Problem description: Set down a true copy of the data, with all pictures left out.

(Image-caption web data)
□ □ □ □ □

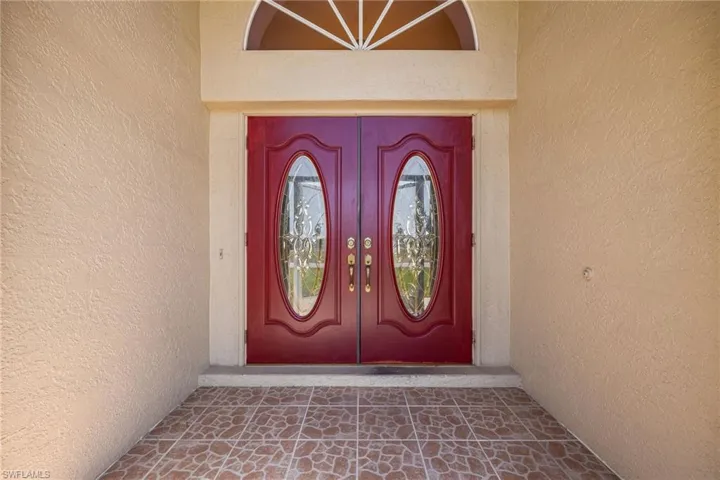 View of exterior entry with stucco siding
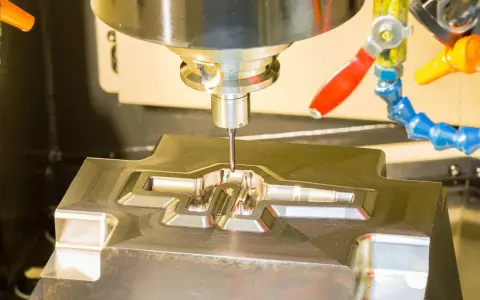 Fresatrice CNC in azione, che lavora un pezzo metallico complesso. Il corso CAD è fondamentale per creare questi dettagli precisi.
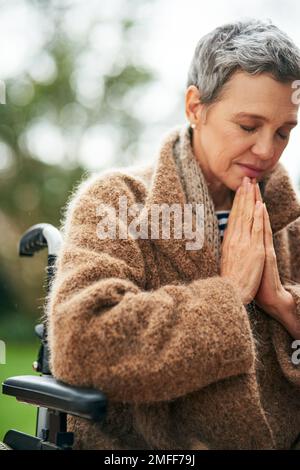 La sua fede che la mantiene andare. una donna anziana che prega mentre si siede in sedia a rotelle all'aperto. Foto Stock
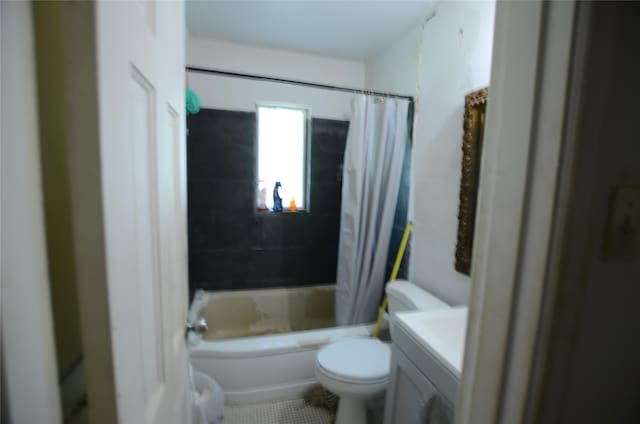 4413 Merida Ave, Fort Worth, TX 76115 - full bathroom featuring toilet, vanity, tile patterned flooring, and shower / tub combo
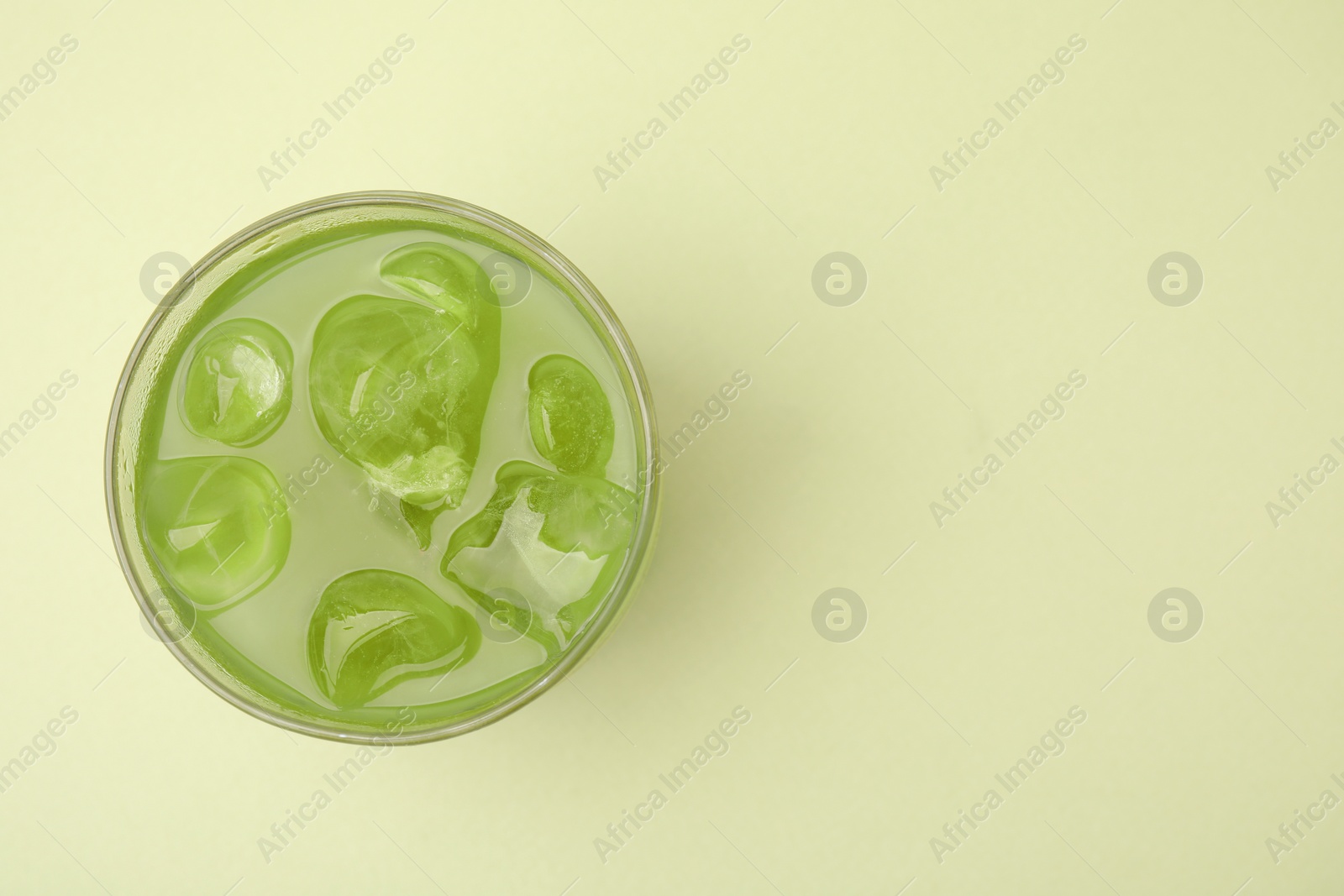 Photo of Glass of delicious iced matcha tea on green background, top view. Space for text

□ □ □ □ □

Answer section:
 View of exterior entry with stucco siding
 Fresatrice CNC in azione, che lavora un pezzo metallico complesso. Il corso CAD è fondamentale per creare questi dettagli precisi.
 La sua fede che la mantiene andare. una donna anziana che prega mentre si siede in sedia a rotelle all'aperto. Foto Stock
 4413 Merida Ave, Fort Worth, TX 76115 - full bathroom featuring toilet, vanity, tile patterned flooring, and shower / tub combo
 Photo of Glass of delicious iced matcha tea on green background, top view. Space for text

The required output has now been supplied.